Background: The all-arthroscopic anatomic glenoid reconstruction technique using a distal tibial allograft avoids damage to the subscapularis muscle and allows repair of the capsulolabral tissue. Purpose: To analyze the clinicoradiologic outcomes of patients who underwent this procedure to treat anterior shoulder instability with glenoid bone loss with a minimum 2-year follow-up. Study Design: Case series; Level of evidence, 4. Methods: Over 6 years, 73 patients (52 male and 21 female; mean age, 28.8 years) under the care of the same surgeon underwent arthroscopic stabilization with capsulolabral Bankart repair and bony allograft augmentation of the glenoid for recurrent shoulder instability with significant bone loss. Pre- and postoperative patient-reported functional assessment was performed using 2 questionnaires, the Western Ontario Shoulder Instability Index (WOSI) and the Disabilities of the Arm, Shoulder and Hand, and radiological assessment was performed using radiographs and computed tomography scans obtained preoperatively and approximately 1 year later (mean ± SD, 0.9 ± 1.1 years). Results: The mean follow-up was 4.7 ± 1.1 years. The mean pre- and postoperative WOSI scores were 71.1 ± 17.5 and 25.6 ± 21.9, respectively ( P < .001). There were no recurrences of dislocation, although 1 patient had symptoms of subluxation; however, 5 patients had hardware complications that required screw removal. There were no cases of nerve injury. Postoperative computed tomography scans were available for 66 patients. Seven patients were lost to follow-up. The graft union rate was 100%. Overall, graft resorption was <50% in 86% of patients (57/66). Eighteen patients (27%) had no resorption (grade 0), 39 (59%) had <50% (grades 1 and 2), and 9 (14%) had ≥50% (grade 3); however, none had symptoms of instability. The mean alpha angle of the screw between the screw shaft axis and the native glenoid axis was 18.3°± 5.7°. Graft positioning was flush with the glenoid in 61 of 66 patients (92.4%), and vertical positioning was excellent in 64 of 66 patients (97.0%) (3- to 5-o’clock position).
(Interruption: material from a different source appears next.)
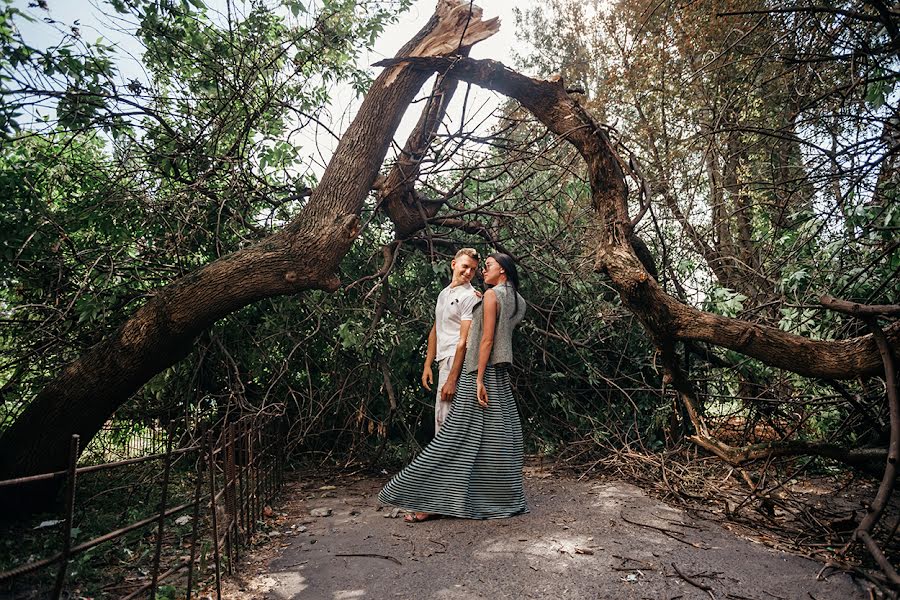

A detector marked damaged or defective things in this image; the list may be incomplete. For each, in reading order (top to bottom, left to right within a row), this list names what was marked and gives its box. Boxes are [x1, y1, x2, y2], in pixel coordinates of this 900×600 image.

rusty metal fence [0, 418, 284, 600]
Conclusion: Arthroscopic stabilization using distal tibial allograft augmentation resulted in excellent clinicoradiologic outcomes at a 2-year follow-up. This procedure has the advantages of being an anatomic reconstruction that addresses bony and soft tissue instability. However, long-term follow-up studies are necessary for better assessment of outcomes.